Skippr uses one project config file: skippr.yml. The same full engine schema is used by skippr and skipprd.

Example

yaml
skippr:
  workspace: mssql_migration

pipelines:
  mssql_to_snowflake:
    data_source: data_sources.mssql
    data_sink: data_sinks.snowflake
    cdc:
      business_key_columns: [id]

data_sources:
  mssql:
    Mssql:
      connection_string: ${MSSQL_CONNECTION_STRING}
      tables: ["dbo.customers", "dbo.orders"]
  postgres_cdc:
    Postgres:
      connection_string: ${POSTGRES_CONNECTION_STRING}
      tables: ["public.orders"]
      cdc_mode: snapshot_then_cdc

data_sinks:
  snowflake:
    Snowflake:
      account: ${SNOWFLAKE_ACCOUNT}
      user: ${SNOWFLAKE_USER}
      database: ANALYTICS
      schema: RAW
      warehouse: COMPUTE_WH
      role: ACCOUNTADMIN
      private_key_path: ${SNOWFLAKE_PRIVATE_KEY_PATH}

schema_sinks: {}
runtime_plugins: {}

Top-Level Sections

SectionPurpose
projectTop-level project id used for hosted React scope (project_id) and related paths (including Lance for doc vectors).
skipprWorkspace and internal skipprd extract/load defaults
pipelinesNamed pipelines: ELT (data_source / data_sink, …) and doc-vector ingest (vector_source pointing at vector_sources, optional chunk fields)
data_sourcesSource plugin configuration keyed by name
data_sinksDestination plugin configuration keyed by name
schema_sinksCatalog/schema plugin configuration keyed by name
runtime_pluginsOptional explicit runtime plugin manifest paths
vector_sourcesNamed file trees for skippr vector ingest-docs (declarative root, include, optional exclude / extensions / chunk overrides). No warehouse required.

Storage Settings

skippr.skipprd_el_storage_mode is an internal development/testing setting that controls where skipprd extract/load state is stored (local or s3). It does not control dbt project storage, React thread logs, or vector storage for skippr model; authenticated modeling runs use the storage credentials returned by the Skippr API.

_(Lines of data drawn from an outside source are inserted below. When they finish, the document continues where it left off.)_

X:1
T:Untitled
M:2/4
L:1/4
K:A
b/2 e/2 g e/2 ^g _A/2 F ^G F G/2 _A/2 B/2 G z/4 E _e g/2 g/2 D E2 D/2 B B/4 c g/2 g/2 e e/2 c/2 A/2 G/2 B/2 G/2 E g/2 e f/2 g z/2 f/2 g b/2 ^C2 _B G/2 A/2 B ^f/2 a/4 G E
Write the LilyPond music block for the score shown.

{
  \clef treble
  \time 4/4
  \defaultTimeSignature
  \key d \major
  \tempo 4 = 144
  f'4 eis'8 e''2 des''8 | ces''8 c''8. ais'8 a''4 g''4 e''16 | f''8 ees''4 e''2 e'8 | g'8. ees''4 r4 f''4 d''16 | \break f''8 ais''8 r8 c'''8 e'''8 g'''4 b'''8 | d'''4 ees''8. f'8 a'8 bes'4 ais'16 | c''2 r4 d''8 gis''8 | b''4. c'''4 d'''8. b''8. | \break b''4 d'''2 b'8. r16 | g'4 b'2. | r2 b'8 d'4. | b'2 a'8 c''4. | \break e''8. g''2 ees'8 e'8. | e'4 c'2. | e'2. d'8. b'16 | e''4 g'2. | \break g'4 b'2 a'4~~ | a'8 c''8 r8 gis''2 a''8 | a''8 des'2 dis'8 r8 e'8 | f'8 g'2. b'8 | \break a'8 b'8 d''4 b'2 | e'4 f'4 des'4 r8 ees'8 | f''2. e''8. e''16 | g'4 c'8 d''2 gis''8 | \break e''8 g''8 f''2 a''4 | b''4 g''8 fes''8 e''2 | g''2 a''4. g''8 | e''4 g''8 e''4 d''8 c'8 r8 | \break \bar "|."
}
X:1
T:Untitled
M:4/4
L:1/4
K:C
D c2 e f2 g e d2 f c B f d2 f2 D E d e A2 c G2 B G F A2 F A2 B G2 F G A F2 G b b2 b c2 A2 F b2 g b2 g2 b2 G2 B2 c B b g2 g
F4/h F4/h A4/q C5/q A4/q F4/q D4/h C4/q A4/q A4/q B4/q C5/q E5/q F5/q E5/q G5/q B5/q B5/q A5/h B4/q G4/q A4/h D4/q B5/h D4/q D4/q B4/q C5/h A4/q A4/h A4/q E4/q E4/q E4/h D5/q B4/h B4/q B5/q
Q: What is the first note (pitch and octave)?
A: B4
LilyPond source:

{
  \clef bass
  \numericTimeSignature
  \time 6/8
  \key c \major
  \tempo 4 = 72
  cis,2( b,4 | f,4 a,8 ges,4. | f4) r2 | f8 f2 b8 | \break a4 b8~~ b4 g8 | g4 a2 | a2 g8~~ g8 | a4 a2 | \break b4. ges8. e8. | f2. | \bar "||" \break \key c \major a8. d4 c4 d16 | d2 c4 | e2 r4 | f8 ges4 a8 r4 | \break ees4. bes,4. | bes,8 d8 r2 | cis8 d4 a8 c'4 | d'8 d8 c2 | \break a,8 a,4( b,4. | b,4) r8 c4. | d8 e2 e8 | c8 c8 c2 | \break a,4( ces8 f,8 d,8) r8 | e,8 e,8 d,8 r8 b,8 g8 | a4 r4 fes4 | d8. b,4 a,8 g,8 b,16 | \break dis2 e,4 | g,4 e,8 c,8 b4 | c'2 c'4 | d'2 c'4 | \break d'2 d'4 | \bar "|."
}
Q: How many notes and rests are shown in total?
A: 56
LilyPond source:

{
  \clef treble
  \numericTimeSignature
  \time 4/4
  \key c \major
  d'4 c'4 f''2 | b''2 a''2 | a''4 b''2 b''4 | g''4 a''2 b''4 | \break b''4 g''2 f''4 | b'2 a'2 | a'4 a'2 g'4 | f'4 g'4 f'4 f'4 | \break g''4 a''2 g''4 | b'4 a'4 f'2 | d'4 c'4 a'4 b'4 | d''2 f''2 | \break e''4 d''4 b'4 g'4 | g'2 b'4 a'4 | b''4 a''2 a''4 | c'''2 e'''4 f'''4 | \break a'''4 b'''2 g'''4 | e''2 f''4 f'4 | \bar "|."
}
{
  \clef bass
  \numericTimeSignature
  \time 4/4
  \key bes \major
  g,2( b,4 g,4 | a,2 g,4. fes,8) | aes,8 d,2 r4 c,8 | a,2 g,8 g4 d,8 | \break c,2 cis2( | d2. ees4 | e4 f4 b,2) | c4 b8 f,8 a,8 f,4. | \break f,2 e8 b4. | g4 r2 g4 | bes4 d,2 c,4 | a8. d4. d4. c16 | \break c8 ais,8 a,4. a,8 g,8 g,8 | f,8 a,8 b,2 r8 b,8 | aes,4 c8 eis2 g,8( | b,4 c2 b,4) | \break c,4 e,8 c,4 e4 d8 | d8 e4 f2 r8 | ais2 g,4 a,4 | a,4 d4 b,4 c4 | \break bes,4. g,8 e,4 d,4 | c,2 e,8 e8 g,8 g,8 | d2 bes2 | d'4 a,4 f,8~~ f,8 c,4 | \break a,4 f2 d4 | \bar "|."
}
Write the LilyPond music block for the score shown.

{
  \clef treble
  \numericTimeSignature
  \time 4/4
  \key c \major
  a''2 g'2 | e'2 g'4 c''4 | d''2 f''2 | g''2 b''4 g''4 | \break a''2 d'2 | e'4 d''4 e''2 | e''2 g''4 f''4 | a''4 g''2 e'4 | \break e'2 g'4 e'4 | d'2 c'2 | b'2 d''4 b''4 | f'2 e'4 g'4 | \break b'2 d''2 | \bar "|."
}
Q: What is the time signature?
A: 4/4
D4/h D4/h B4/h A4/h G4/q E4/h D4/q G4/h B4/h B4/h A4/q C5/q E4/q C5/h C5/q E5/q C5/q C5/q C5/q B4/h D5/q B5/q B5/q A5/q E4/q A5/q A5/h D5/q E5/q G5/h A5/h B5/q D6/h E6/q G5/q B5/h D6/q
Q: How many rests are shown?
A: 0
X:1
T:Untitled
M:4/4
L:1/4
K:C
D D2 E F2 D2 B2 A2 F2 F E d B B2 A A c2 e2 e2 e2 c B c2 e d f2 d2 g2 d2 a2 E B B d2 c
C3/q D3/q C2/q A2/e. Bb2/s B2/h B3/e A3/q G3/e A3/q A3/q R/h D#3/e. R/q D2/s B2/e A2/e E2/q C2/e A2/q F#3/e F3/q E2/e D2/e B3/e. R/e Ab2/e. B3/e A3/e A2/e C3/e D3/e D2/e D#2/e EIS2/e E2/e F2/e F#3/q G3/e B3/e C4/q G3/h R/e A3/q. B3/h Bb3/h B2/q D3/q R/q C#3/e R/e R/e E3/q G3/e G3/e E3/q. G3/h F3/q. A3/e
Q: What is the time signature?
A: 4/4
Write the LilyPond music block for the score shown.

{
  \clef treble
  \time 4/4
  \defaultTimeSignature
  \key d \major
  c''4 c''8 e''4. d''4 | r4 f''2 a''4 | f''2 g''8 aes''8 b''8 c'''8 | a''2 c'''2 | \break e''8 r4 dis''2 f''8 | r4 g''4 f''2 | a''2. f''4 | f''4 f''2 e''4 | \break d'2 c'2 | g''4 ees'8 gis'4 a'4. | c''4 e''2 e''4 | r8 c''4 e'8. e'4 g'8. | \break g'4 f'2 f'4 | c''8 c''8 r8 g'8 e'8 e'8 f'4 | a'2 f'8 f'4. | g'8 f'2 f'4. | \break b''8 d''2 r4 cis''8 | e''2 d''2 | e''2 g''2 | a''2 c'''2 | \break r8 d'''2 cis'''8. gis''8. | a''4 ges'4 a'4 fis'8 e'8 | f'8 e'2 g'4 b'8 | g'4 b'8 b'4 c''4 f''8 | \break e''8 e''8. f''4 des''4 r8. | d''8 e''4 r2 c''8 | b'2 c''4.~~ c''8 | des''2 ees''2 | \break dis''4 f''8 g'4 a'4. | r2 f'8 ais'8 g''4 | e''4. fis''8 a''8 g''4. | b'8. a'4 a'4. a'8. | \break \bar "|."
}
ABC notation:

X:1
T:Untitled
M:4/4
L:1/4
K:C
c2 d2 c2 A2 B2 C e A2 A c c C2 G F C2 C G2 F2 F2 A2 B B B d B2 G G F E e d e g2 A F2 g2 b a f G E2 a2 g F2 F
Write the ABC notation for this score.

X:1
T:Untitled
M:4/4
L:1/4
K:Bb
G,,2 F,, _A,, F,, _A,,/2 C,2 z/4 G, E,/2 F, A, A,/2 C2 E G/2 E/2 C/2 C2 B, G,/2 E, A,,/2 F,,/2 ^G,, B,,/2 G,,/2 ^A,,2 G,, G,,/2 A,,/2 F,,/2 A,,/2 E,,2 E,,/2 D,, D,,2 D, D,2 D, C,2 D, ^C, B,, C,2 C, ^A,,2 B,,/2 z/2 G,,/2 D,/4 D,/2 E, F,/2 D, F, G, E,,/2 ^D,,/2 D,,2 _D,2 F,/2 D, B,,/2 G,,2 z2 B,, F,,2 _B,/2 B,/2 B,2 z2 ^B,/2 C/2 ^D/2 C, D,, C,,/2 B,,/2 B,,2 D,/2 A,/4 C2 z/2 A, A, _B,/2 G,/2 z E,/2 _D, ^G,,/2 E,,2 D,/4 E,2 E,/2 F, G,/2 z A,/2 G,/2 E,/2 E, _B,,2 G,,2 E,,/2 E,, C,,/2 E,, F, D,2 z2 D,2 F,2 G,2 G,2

The equivalent environment variable for direct skipprd runs is SKIPPRD_EL_STORAGE_MODE.

Pipelines

Each pipeline references registry entries by section-qualified name:

yaml
pipelines:
  ingest_orders:
    data_source: data_sources.postgres
    data_sink: data_sinks.iceberg

Use skippr discover --pipeline ingest_orders to persist metadata, then skippr sync --pipeline ingest_orders --once to load data. If metadata is missing, sync runs discovery automatically before loading. Run skippr model --pipeline ingest_orders after sync when you are ready to generate and validate dbt assets.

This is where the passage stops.